Pela rua, a cada passo, ouviam-se histórias cada vez mais bizarras. Uma senhora garantia que a causa se devia a um avião que se chocou com duas torres importantes, dava detalhes de localização e tudo. Outro dizia que a energia só voltaria em dois ou três dias. Muitas certezas para pouca razão.
A internet ainda funcionou por algum tempo, o suficiente para que todos buscassem informações oficiais, colapsando os respectivos sites. Próxima opção, a imprensa habitual, que apenas dava alguma tranquilidade e informava que “as autoridades estão trabalhando”. A verdade é que pouco se sabia. Logo a rede se foi, e o apagão se estendeu à internet.

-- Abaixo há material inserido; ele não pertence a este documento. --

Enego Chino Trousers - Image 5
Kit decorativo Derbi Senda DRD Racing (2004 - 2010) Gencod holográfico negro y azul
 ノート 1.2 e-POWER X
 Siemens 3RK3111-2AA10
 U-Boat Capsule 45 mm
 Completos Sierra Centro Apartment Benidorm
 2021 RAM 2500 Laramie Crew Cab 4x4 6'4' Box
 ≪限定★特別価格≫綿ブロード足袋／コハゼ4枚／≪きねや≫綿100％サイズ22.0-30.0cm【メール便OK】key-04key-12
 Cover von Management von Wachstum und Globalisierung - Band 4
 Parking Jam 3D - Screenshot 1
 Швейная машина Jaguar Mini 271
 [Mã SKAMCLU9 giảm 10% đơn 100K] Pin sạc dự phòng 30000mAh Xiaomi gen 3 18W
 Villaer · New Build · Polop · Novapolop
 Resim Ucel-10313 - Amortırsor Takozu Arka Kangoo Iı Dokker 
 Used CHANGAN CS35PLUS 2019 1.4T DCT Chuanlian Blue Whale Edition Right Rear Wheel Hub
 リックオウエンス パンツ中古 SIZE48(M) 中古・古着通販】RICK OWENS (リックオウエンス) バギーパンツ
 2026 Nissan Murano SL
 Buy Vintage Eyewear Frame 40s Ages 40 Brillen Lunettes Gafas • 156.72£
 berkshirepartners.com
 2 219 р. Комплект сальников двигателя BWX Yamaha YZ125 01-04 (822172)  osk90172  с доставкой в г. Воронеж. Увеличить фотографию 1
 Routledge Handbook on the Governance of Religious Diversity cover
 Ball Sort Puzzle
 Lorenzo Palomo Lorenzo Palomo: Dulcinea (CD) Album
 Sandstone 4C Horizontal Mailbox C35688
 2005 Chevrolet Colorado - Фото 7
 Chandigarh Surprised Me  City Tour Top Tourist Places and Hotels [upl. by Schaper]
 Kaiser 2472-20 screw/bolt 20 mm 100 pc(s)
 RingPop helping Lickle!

Em algum momento foi mais prudente desligar o celular, para salvar bateria e, no caso de haver rede mais tarde, poder comunicar um mínimo. Na rua, muita polícia organizando o trânsito. Os bondes, elétricos, pararam onde estavam, misericordiosamente sem fechar cruzamentos. Ônibus salvaram o dia; viva o combustível fóssil!
Ao entardecer, o escuro invadindo tudo, e alguns pedestres mais corajosos ainda na rua. Velas pela casa. E a espera. De repente, já pelas nove da noite, gritos lá fora. Parecia que a Seleção tinha feito um gol na final da Copa. A energia voltou do outro lado da rua! Ainda mais meia hora para o desfecho e, enfim, luz!
Ficam as lições aprendidas e um triste saldo, uma pessoa falecida em Portugal quando a bateria do seu respirador acabou, e a assistência não chegou a tempo. Apagão não é brincadeira.